De nossa parte, entendemos que um Orixá é, sim, uma força intensa; mas que se situa dentro da cadeia de forças do Universo, a qual nós humanos também integramos. Então, não devemos apenas cultuá-los, mas, sim – respeitosamente e reconhecendo nossa inferioridade –, interagir com Eles. Devemos tratá-los bem e agradá-los, mas jamais carnavalizá-los. Esta é a nossa opinião.

Já com aquelas entidades espirituais que tiveram vida terrena, qualquer que seja seu domínio, a conversa é outra, pois elas conservam características humanas e gostam de ser lembradas, paparicadas, cultuadas e até carnavalizadas. E o enredo salgueirense, “nem melhor nem pior, apenas diferente”, do carnaval deste ano – que aqui se encerra neste texto – mostrou isso. E exatamente por isso foi o único a motivar reflexões intelectualmente profundas, como as contidas nos artigos de Marcelo Mello (O Globo, 11/02/2016) e do nosso querido parceiro Luiz Antônio Simas, em O Dia, hoje, 17 de fevereiro.

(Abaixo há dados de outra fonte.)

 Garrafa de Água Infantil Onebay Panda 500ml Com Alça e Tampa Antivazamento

Diz o Simas: “Falar de orixá, para muita gente, é encarado como algo normal em desfiles de escolas de samba, salvo faniquitos dos intolerantes mais histéricos. Mas o Salgueiro foi além e falou, a partir do musical de Chico Buarque, da macumba carioca, do catimbó nordestino, do povo de rua virado na malandragem do Rio, na pulsão entre a ordem e a desordem que a cidade enseja. (...) Botar Tranca-Rua de capa e cartola abrindo o desfile e o Zé das Alagoas, juremeiro do catimbó, fechando, cercado pelas pomba giras e abençoado por Oxalá, faz mais pela luta por uma cidade plural que muito discurso bacana”.

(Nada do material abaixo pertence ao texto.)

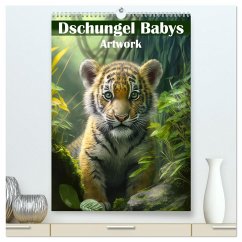 Dschungelbabys - Artwork (hochwertiger Premium Wandkalender 2025 DIN A2 hoch), Kunstdruck in Hochglanz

Antes, Marcelo Mello, que não temos o prazer de conhecer, já tinha assinalado: “O Salgueiro foi uma metáfora do conflito entre o desejo e os limites que a realidade impõe. E nada melhor para entender isso do que analisar a sequência dos atos do desfile. Na comissão de frente, um componente de fantasia vermelha e preta, cartola, capa e ar petulante abria os trabalhos ao lado de pomba giras que rodavam com sensualidade escancarada saias cenográficas. A cena era um desafio a ordem constituída ao anunciar que seria liberada a libido que precisa ficar dentro de algum limite, por mais elástico que seja”.

Tudo isso, com uma trilha sonora que não lembrava nada do que já se conhecesse em termos de melodia de samba-enredo e uma letra absolutamente de acordo. Mas faltou dizer ao jurado de alegorias que as entidades espirituais descidas à Sapucaí naquela noite salgueirense, embora gostem de carnaval, gostam mais das sombras que das luzes estonteantes.

Foi por isso, só por isso, que a alegoria do “Theatro” Municipal pareceu apagada. E fim de papo!